Aviation leasing hires a big mix of professions as it takes a cross-section of people to put complex deals together, including lawyers, accountants, sales people, credit risk analysts, engineers and marketers. Training tends to be in-house and informal.
"While Europe is very shut down in the current market, business is booming in Asia and Latin America," one aviation leasing executive said.
Earning power: Six figures plus bonus, once your career is in full flight
The company that runs KFC and Pizza Hut in Ireland made big profits last year, and Supermac's and McDonald's are growing their businesses. McD's is planning an €8m-a-year expansion for the next four to five years. While it doesn't have a dedicated programme, graduates who enlist at management level make a decent living.
Earning power: A second assistant manager at McDonald's makes around €38,000 plus benefits like health care. A business manager makes up to €59,000.
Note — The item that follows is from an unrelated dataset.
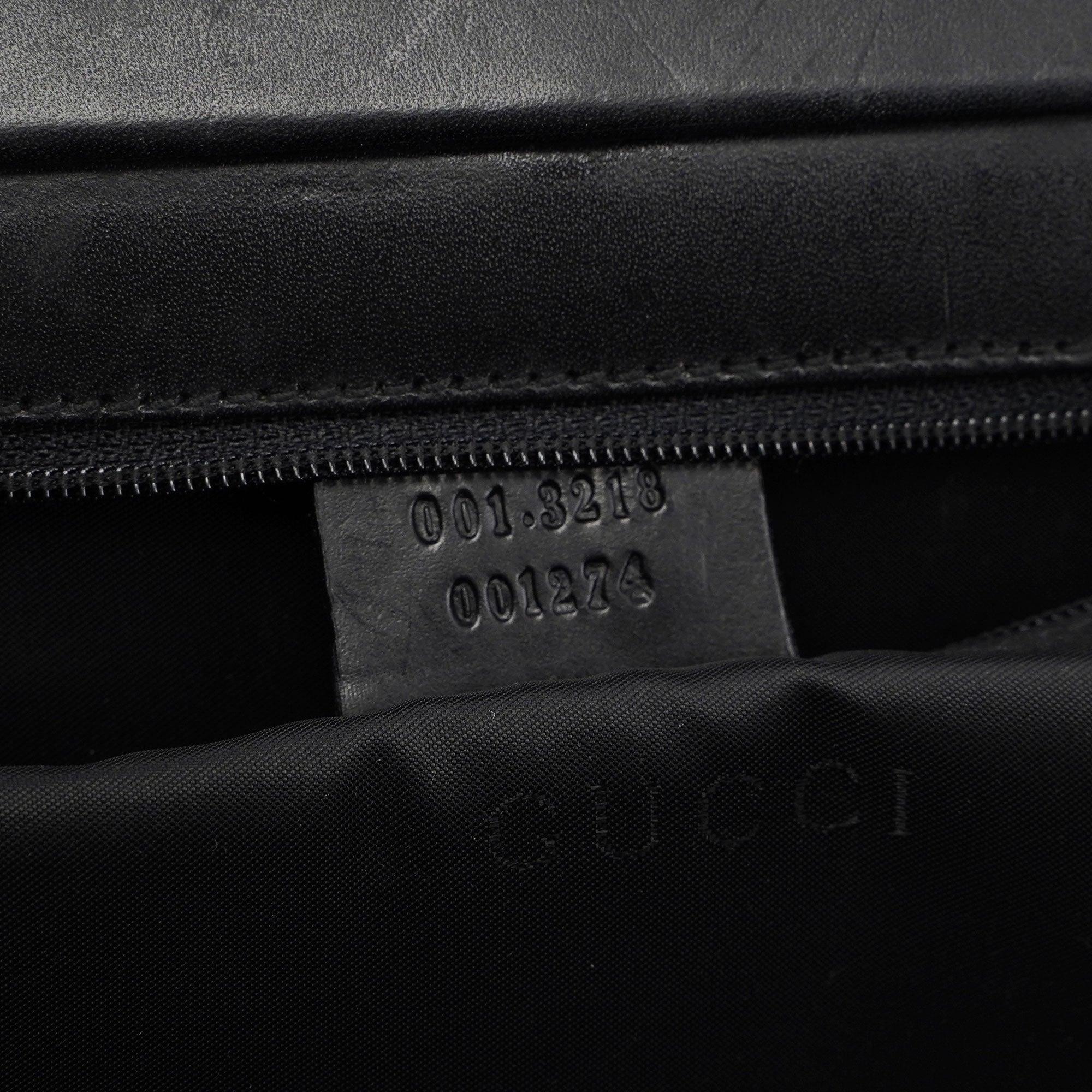 Black Canvas Gold Tote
Your parents won't thank us for telling you this, but skipping college altogether can be profitable too. Steve Jobs was a college dropout, and that didn't exactly hold the Apple founder back.
The Irish entrepreneur behind one of last year's biggest deals left school early. Greg Turley sold part of his business, Cartrawler, for a cool €100m.
Michelle Mone, the Scottish businesswoman who founded the Ultimo bra empire, left school at 15. Her company is worth €20m.
Earning power: Extremely variable, but potentially huge.